Contact: Patrick Hurston (202) 249-6506
WASHINGTON (May 22, 2014) – According to the American Chemistry Council (ACC), following a 0.2 percent gain in March, the U.S. Chemical Production Regional Index (U.S. CPRI) was 0.6 percent higher in April. All seven regions grew in April.
Manufacturing production unexpectedly slipped during April, however, on a three-month moving average (3MMA), output of the nation’s overall manufacturing sector was 0.6 percent higher in April, following an upwardly revised 0.4 percent increase in March. Within the manufacturing sector, output in many key chemistry end-use markets expanded, including appliances, motor vehicles, aerospace, construction supplies, machinery, fabricated metal products, computers, semiconductors, plastic products, rubber products, plywood, printing, textile products, and furniture.
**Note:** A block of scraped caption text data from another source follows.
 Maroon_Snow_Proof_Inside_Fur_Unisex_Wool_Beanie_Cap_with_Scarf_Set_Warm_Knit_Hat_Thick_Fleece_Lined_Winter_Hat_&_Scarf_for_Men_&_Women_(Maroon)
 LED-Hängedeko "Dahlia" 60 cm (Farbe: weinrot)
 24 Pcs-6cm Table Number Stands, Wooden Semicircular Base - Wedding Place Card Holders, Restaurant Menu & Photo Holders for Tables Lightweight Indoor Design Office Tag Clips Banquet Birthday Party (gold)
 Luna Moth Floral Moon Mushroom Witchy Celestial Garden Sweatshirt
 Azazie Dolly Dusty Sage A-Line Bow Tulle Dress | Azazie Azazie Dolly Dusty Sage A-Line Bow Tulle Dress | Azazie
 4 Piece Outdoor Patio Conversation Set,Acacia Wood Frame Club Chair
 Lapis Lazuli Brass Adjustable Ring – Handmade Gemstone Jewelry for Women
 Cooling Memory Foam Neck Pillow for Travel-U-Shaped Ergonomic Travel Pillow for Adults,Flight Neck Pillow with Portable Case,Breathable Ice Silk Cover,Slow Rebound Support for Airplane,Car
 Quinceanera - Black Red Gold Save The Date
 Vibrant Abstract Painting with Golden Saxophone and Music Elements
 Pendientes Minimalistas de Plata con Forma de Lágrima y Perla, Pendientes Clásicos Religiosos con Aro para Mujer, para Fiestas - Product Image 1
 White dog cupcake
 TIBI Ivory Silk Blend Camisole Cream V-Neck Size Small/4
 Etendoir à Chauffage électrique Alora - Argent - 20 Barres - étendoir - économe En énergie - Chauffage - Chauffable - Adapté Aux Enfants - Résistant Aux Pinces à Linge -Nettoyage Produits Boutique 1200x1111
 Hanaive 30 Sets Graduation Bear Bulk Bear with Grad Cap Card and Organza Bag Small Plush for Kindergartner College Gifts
Also measured on a 3MMA basis, overall chemical production was again mixed. There were gains in the output of chlor-alkali and other inorganic chemicals, synthetic dyes and pigments, industrial gases, consumer products, adhesives, organic chemicals, pharmaceuticals, and coatings. These gains were partially offset by declines in the production of plastic resins, pesticides, fertilizers, and manmade fibers. Synthetic rubber production was flat for a second straight month.
Compared to April 2013, total chemical production in all regions was ahead by 2.0 percent on a year-over-year basis, following a revised 1.4 percent gain in March. Chemical production was up from a year ago in all regions. Comparing the first four months of 2014 to that in 2013, chemical production was up 1.1 percent nationally, with six of the seven regions posting gains.
The chemistry industry is one of the largest industries in the United States, a $770 billion enterprise. The manufacturing sector is the largest consumer of chemical products, and 96 percent of manufactured goods are touched by chemistry.
The U.S. CPRI was developed to track chemical production activity in seven regions of the United States. It is comparable to the U.S. industrial production index for chemicals published by the Federal Reserve. The U.S. CPRI is based on information from the Federal Reserve. To smooth month-to-month fluctuations, the U.S. CPRI is measured using a three-month moving average (3MMA). Thus, the reading in April reflects production activity during February, March, and April.
Following a 0.5 percent decline in March, chemical production in the Gulf Coast region rebounded, rising by 0.6 percent in April. April production was ahead by 0.5 percent from a year ago, but down by 0.4 percent on a year-to-date basis. The Gulf Coast region is dominated by the production of key building block materials, such as petrochemicals, inorganics, and synthetic materials, advantaged by shale gas development.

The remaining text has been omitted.